Vormir Studios India acquired the rights to develop and manage the film's official website. The official announcement was made through the film’s social media accounts on 14 May 2025, accompanied by a promotional poster confirming the partnership.

==Release==
Narivetta released theatrically on 23 May 2025. It was scheduled to release on 16 May 2025 but was postponed by a week. The film had its digital premiere from July 11 on SonyLIV.

== Reception ==

=== Critical response ===
Narivetta received generally positive reviews from critics. Times of India rated the film 3.5 out of 5, calling it "a brave, bold attempt” with an important message, though noting that the script felt muddled and lacked the emotional and cinematic impact of similar films such as Nayattu". The Indian Express praised the film’s technical execution, especially its cinematography and editing. The review described the film as “a triggering reminder of a dark chapter in Kerala’s history” and noted its effective portrayal of systemic tension between the police and Adivasi communities.
Hindustan Times commended Tovino Thomas’s performance and the film’s impactful theme. The review noted that director Anuraj Manohar delivered “a hard-hitting drama that makes the audience question the system,” designed to provoke discomfort and reflection.

=== Box office ===
On its opening day, the movie recorded an overall Malayalam occupancy rate of 34.34%, indicating a gradual increase in audience turnout throughout the day. The morning shows began with a modest occupancy of 21.97%, which rose to 28.73% in the afternoon. Evening shows saw further improvement with a 34.96% occupancy rate, culminating in a significant increase during the night shows, which recorded 51.71% attendance. The film grossed approximately ₹1.75 crore at the box office on its first day.

On its second day, Narivetta witnessed a growth in box office performance, collecting an estimated ₹1.85 crore, which brought its two-day India net total to ₹3.50 crore. This marked a 19% increase from its opening day collection, attributed to positive word-of-mouth and increasing audience interest. In Kerala, the film grossed approximately ₹3.35 crore over the first two days. Made on a reported budget of ₹10 crore, the film recovered around 35% of its production cost within this period.

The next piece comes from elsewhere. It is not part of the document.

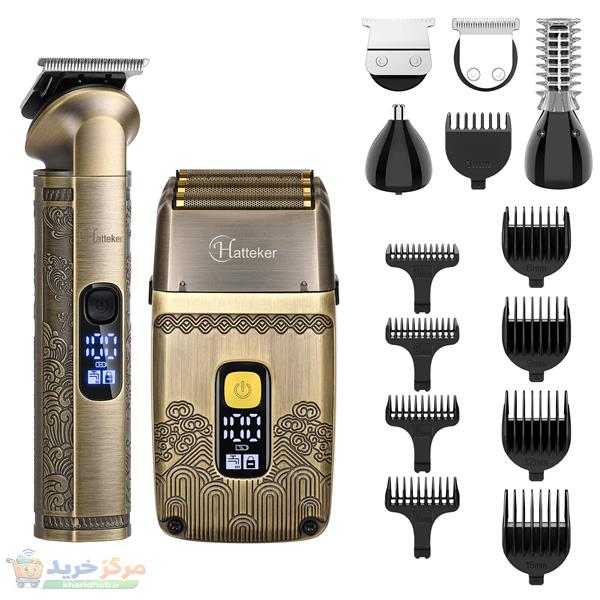 ست ماشین اصلاح موی سر و صورت هاتکر مدل HT-602 به همراه ماشین اصلاح موی صورت کد 01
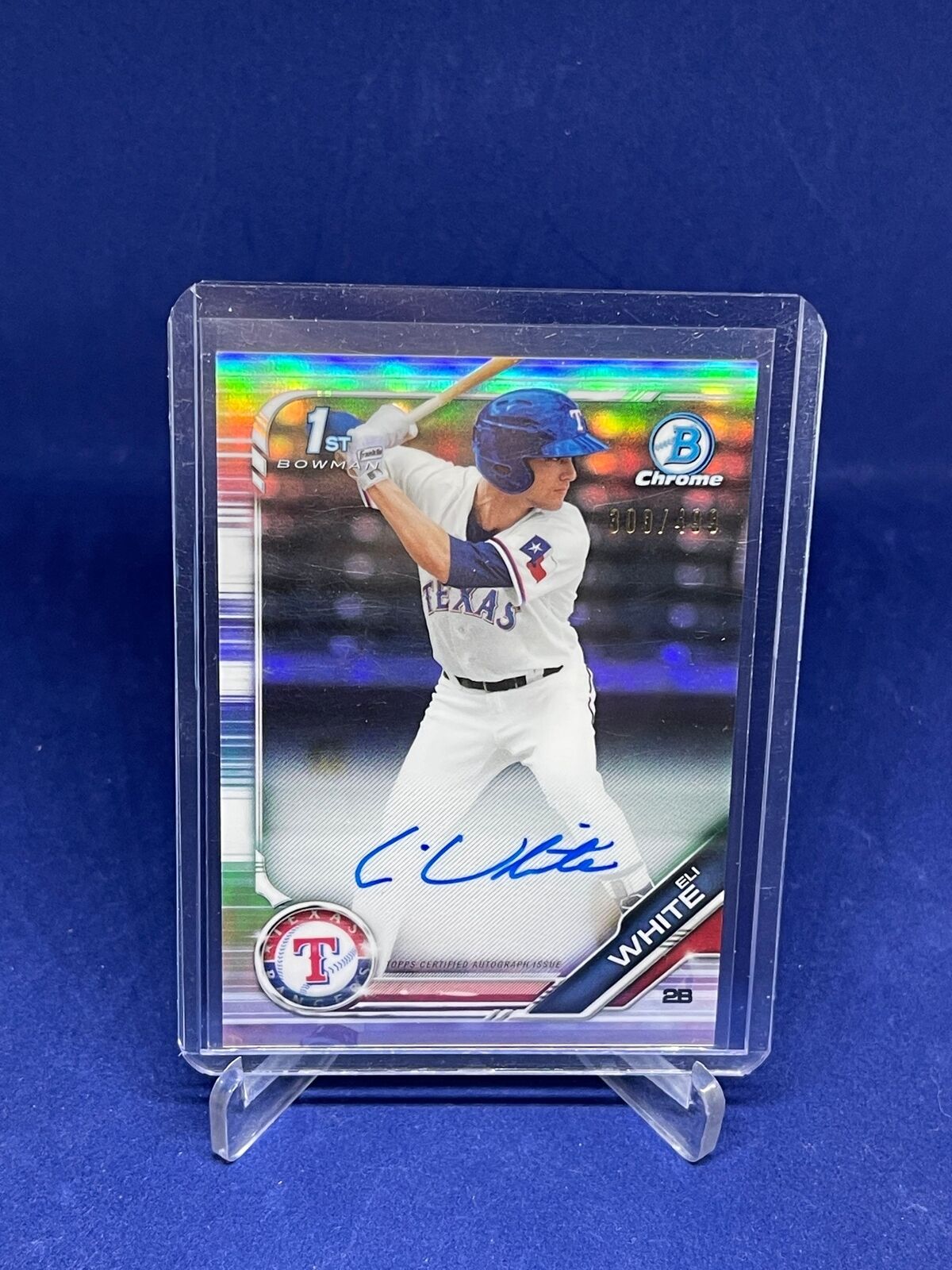ELI WHITE 2019 BOWMAN CHROME 1ST BOWMAN AUTO REFRACTOR PROSPECT #D 300/499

On its third day, Narivetta continued its upward trend at the box office, earning an estimated ₹2 crore. This brought the film’s total India net collection to approximately ₹5.20 crore over its opening weekend. The consistent growth over the first three days was attributed to strong word-of-mouth and positive audience reception. The film grossed ₹15 crore at the worldwide box office in three days of its release.
==Controversy==
In December 2025, Narivetta was not included in the Kerala Film Producers' Association's list of Malayalam films considered commercially successful in 2025. The film was profitable but was not classified as a hit by the association. Anuraj Manohar, the film's director, disputed the classification, stating that the film had made a profit. Anuraj offered to disclose the film's financial records to substantiate his claim and questioned the criteria used by the association to determine the commercial performance of films.

Anuraj also criticised the association's reported loss figures, arguing that portraying most films as financial failures could discourage prospective producers and negatively affect the Malayalam film industry.